Task directions: Exactly as written, please repeat the data that follows, but not the pictures.

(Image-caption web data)
BEGIN

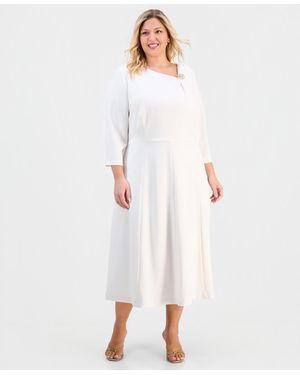 Anne Klein Plus Size Asymmetric-neck 3/4-sleeve Midi Dress - White
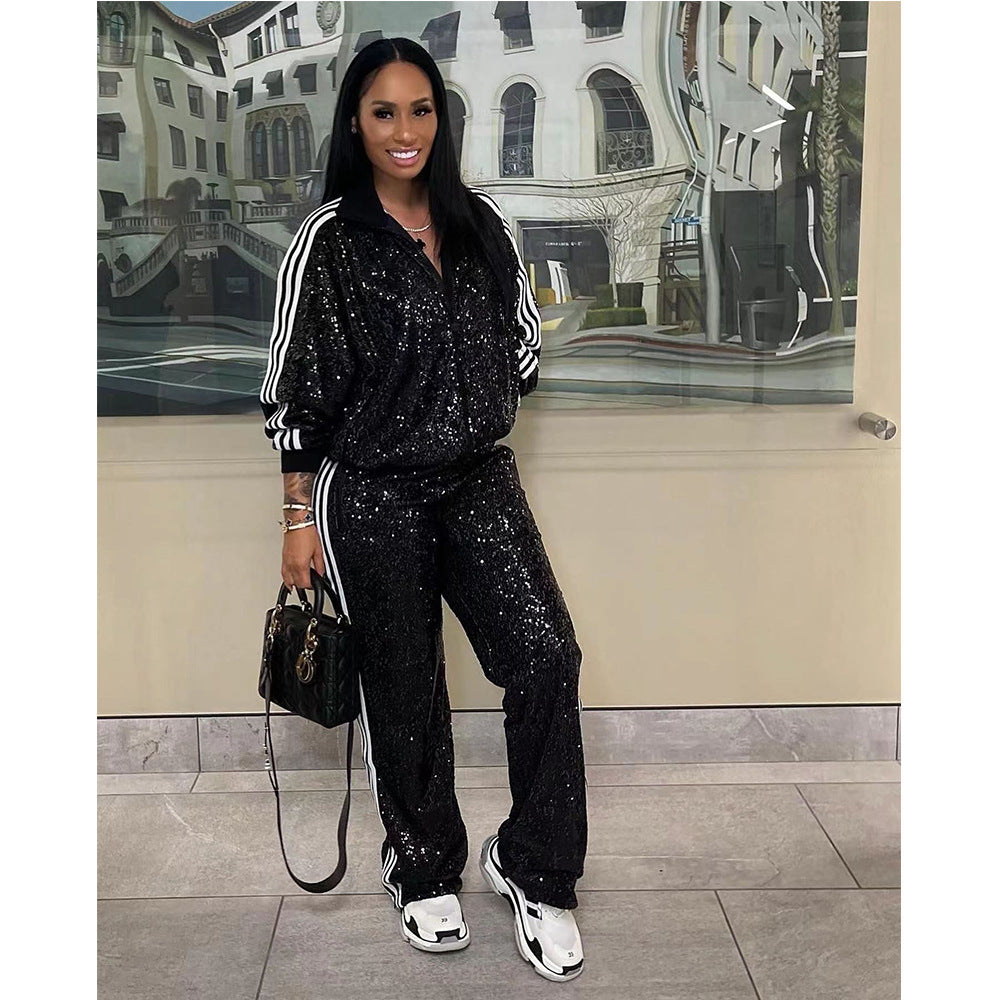 Sequined Casual Long-sleeved Jacket and Trousers Set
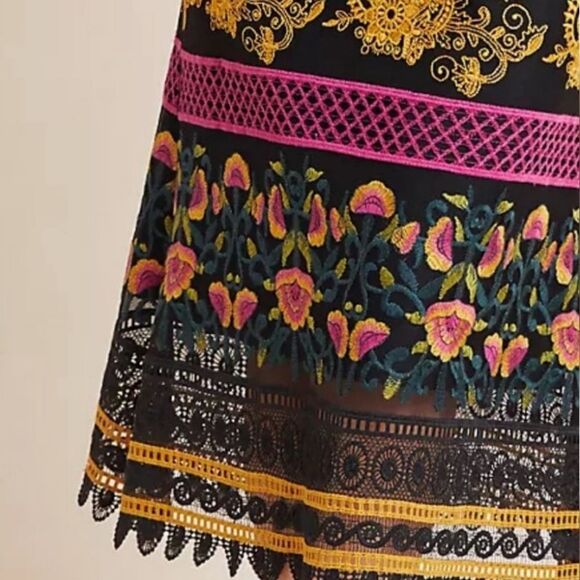 Anthropologie Jacguin Embroidered Elegant Black Gold Lace Midi Dress Size 2 - Picture 10 of 13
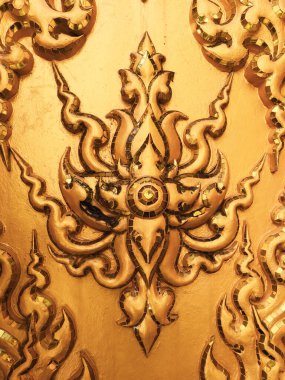 Wat Rong Khun Chiang Rai 'deki Altın Heykel veya Beyaz Buda Heykeli' nin sanatsal detayları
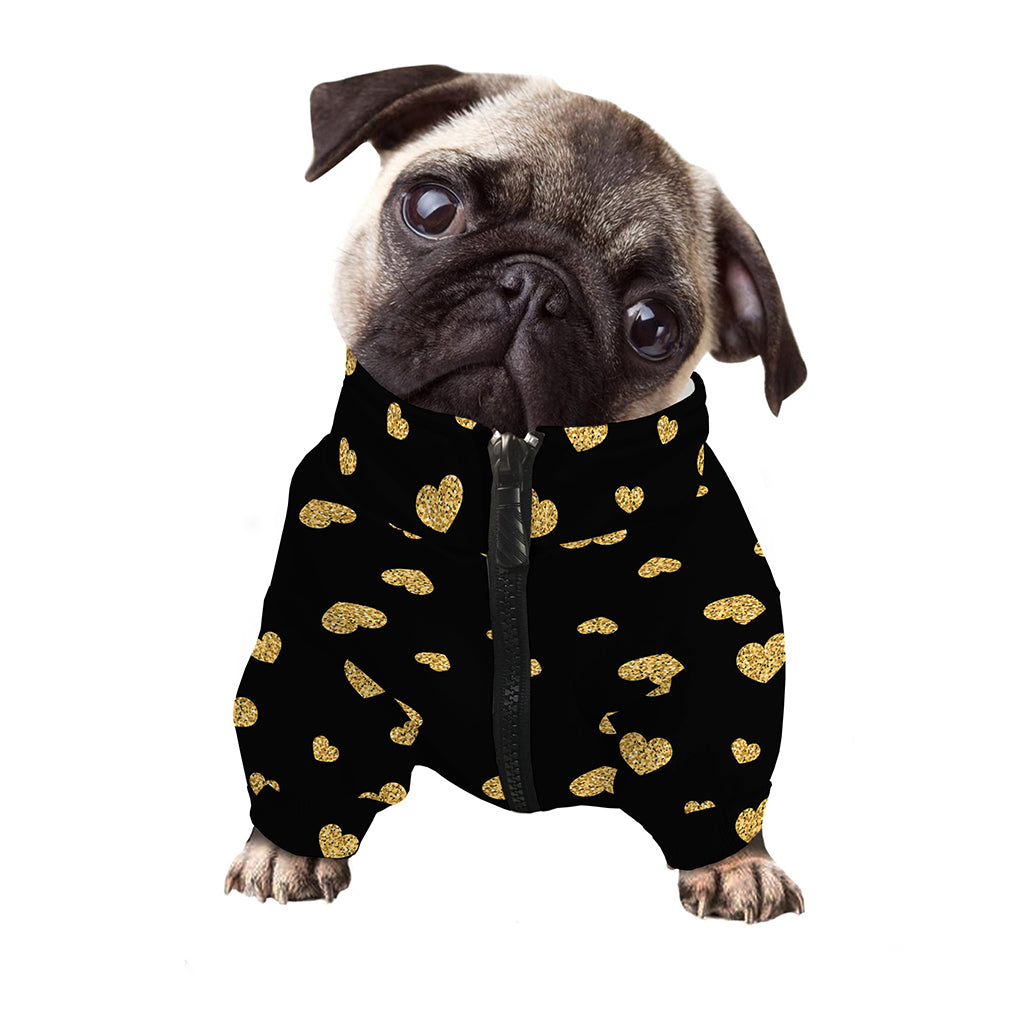 Gold And Black Heart Pattern Print Dog Zip Up Jacket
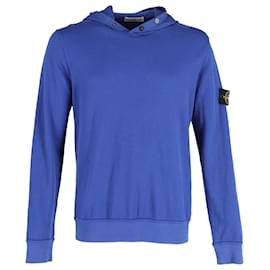 Stone Island-Stone Island Hooded Sweatshirt in Blue Cotton-Blue
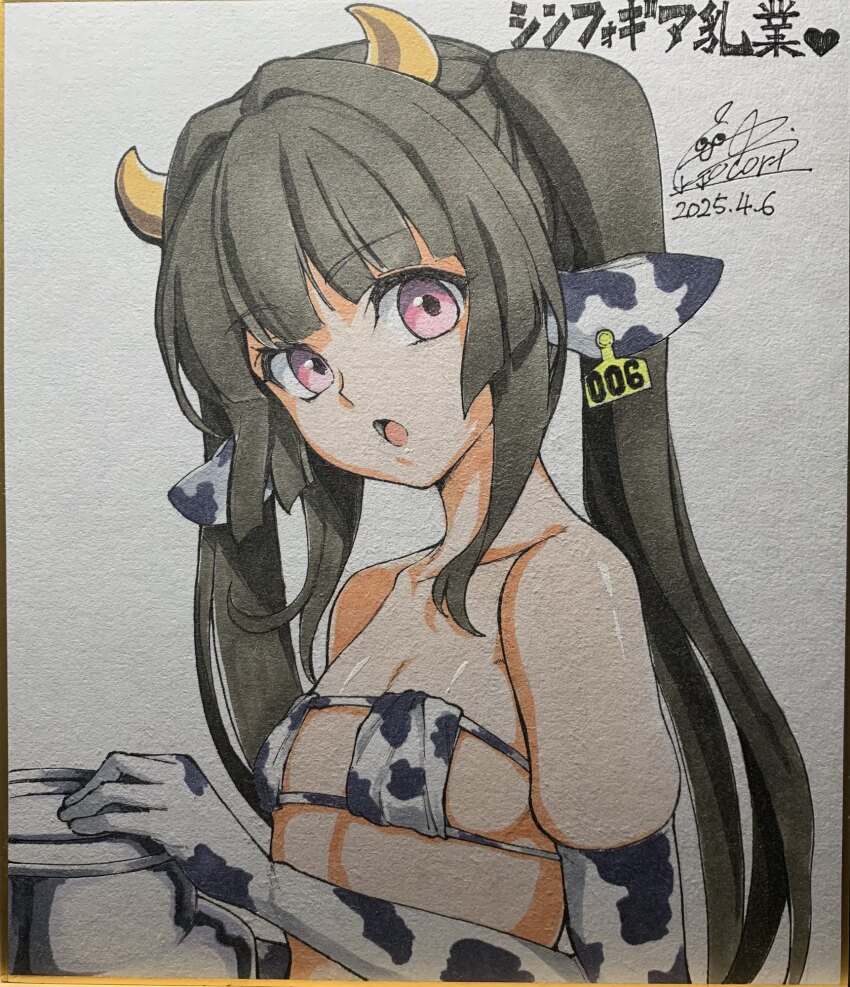 1girl animal_ears animal_print bikini brown_hair cototiworld cow_ears cow_horns cow_print cow_print_bikini cow_print_gloves cow_tail dated ear_tag elbow_gloves eyebrows_hidden_by_hair eyepatch_bikini fake_animal_ears fake_horns fake_tail flat_chest from_side gloves highres horns long_hair looking_at_viewer milk_churn open_mouth photo_(medium) pink_hair print_bikini print_gloves senki_zesshou_symphogear signature simple_background skindentation solo swimsuit tail traditional_media tsukuyomi_shirabe twintails very_long_hair white_background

END

Solution to this task:
 Anne Klein Plus Size Asymmetric-neck 3/4-sleeve Midi Dress - White
 Sequined Casual Long-sleeved Jacket and Trousers Set
 Anthropologie Jacguin Embroidered Elegant Black Gold Lace Midi Dress Size 2 - Picture 10 of 13
 Wat Rong Khun Chiang Rai 'deki Altın Heykel veya Beyaz Buda Heykeli' nin sanatsal detayları
 Gold And Black Heart Pattern Print Dog Zip Up Jacket
 Stone Island-Stone Island Hooded Sweatshirt in Blue Cotton-Blue
 1girl animal_ears animal_print bikini brown_hair cototiworld cow_ears cow_horns cow_print cow_print_bikini cow_print_gloves cow_tail dated ear_tag elbow_gloves eyebrows_hidden_by_hair eyepatch_bikini fake_animal_ears fake_horns fake_tail flat_chest from_side gloves highres horns long_hair looking_at_viewer milk_churn open_mouth photo_(medium) pink_hair print_bikini print_gloves senki_zesshou_symphogear signature simple_background skindentation solo swimsuit tail traditional_media tsukuyomi_shirabe twintails very_long_hair white_background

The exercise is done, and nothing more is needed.